Magari accademici di indirizzo teatrale che abbiano indagato lo spettro sociale, l’attenzione, le attese, le motivazioni di chi va a teatro a vedere uno spettacolo, oggi come cinquecento anni fa, ogniqualvolta io mi sono trovato in una sala teatrale, ho sempre curiosamente scrutato intorno a me alla ricerca del tipo di pubblico presente. Cosa che faccio ancora oggi, da critico teatrale, per capire lo spettacolo che ho visto o che sto per vedere, indagando l’attenzione, le reazioni, gli sguardi di chi siede a teatro.
Le scrivo parlandole del pubblico perché quest’ultimo, come Fiore insegna, fa parte del rito teatrale, è l’interlocutore necessario della messa in scena, va considerato e rispettato. Forse dico cose ovvie, ma mi permetto di farlo perché credo di essere quel consigliere dell’attuale consiglio di amministrazione del teatro Mercadante che Fiore individuava, nel suo articolo, come tardo epigono del signor Lapalisse, riportandone una dichiarazione, forse troppo semplicista, nella quale si invitava il futuro direttore a provarsi nel portare più giovani a teatro. Facevo quell’affermazione perché guardandomi attorno in questi mesi nella sala del Mercadante avevo notato una scarsa presenza di giovani, cosa che non mi è capitata in quello stesso periodo frequentando, per esempio, il teatro Bellini.
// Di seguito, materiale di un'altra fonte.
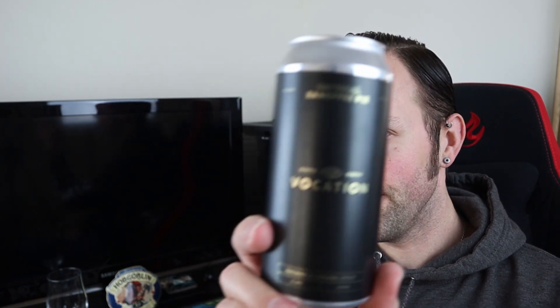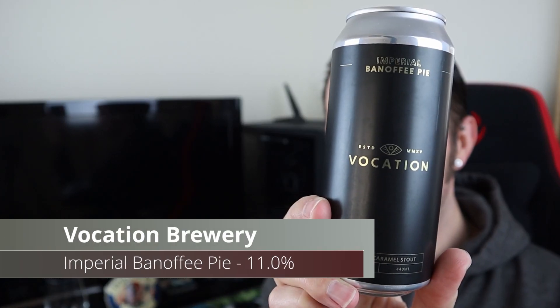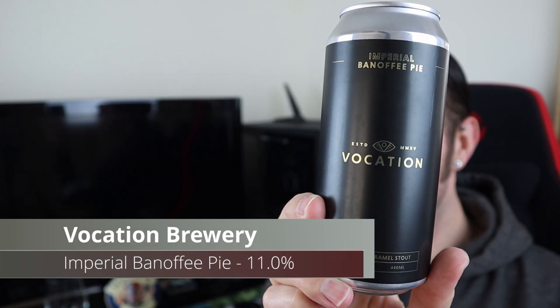Good evening all and happy Easter to everyone watching. It is Sunday night which means it's regularly stout night. We're going for Vocation Brewery's Imperial Banoffee Pie, and it is a banana and caramel stout weighing in at a rather hefty 11% ABV.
Tuttavia, questa mia banale considerazione non vuole sottintendere che un pubblico a maggioranza di anziani sia una cosa da biasimare. A teatro ci va chi ci vuole andare, E non avrebbe senso, per riprendere un’accesa discussione durante la conferenza stampa di presentazione del programma del prossimo anno del nostro Teatro Nazionale, fare uno screening di valore del pubblico che frequenta il nostro teatro stabile in base all’età, al genere o alla provenienza geografica, come ha notato prontamente il presidente Filippo Patroni Griffi. Io credo che un teatro stabile debba essere orgoglioso di avere un pubblico numeroso e culturalmente stratificato. E non credo a strategie di programmazione in cui gli spettacoli più difficili o complicati vengono epurati dall’abbonamento di presunti anziani o di sedicenti provinciali, per essere collocati in una riserva indiana a vantaggio di raffinati intellettuali.
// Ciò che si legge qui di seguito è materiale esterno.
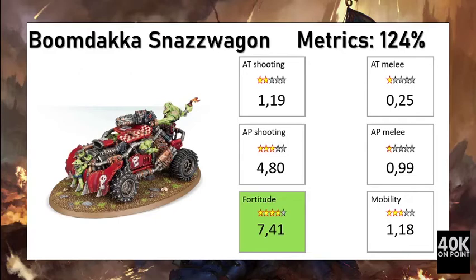Overall the Boom Daka Snaz Wagon performs well in our metrics, reaching an overall score of 124%. The offensive output is better than its defensive cost. Its melee is not very good per point — it's a 90-point unit with not many attacks — but its shooting is good, being a dedicated anti-personnel shooter. What makes the strength of this unit is its ability to take damage: for 90 points it has a good fortitude score and good mobility, making it more than worth its points.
Credo che la cultura, declinata in una messa in scena teatrale, debba avere la forza di sorprenderci, a prescindere dagli strumenti di partenza che
ognuno di noi ha. Eschilo parlava a tutta la polis ateniese, come Shakespeare era capace di essere perfettamente compreso in scena da un pubblico radicalmente eterogeneo. E si potrebbe continuare per tutta la storia del teatro occidentale, arrivando fino ai giorni nostri, come nel caso di Sarah Kane in Inghilterra negli anni ’90 del Novecento. Per questo non ha senso valutare una presunta qualità culturale del pubblico.
Di fianco a questo discorso, sta il fatto che i giovani che frequentano il nostro Stabile non sono tanti. E questo è un problema grosso, perché bisogna oggi domandarsi chi sono gli spettatori di domani. Il vero sforzo di prospettiva che dovrà fare il Mercadante nei prossimi anni è quello di avvicinare le nuove generazioni al piacere e alla comprensione di quello che può accadere su un palcoscenico. Far aprire i loro occhi alla sorpresa che può essere il teatro. In questo senso credo che servirà nei prossimi anni un’attività di promozione e divulgazione relativi all’esperienza del teatro e, in particolare, attraverso il cartellone, variegato e suggestivo, del prossimo anno per intrecciare con i giovani della città di Napoli un discorso aperto e stimolante, capace di interessare e di far interagire. Dopo tutto, che cos’è il teatro se non meraviglia e relazione?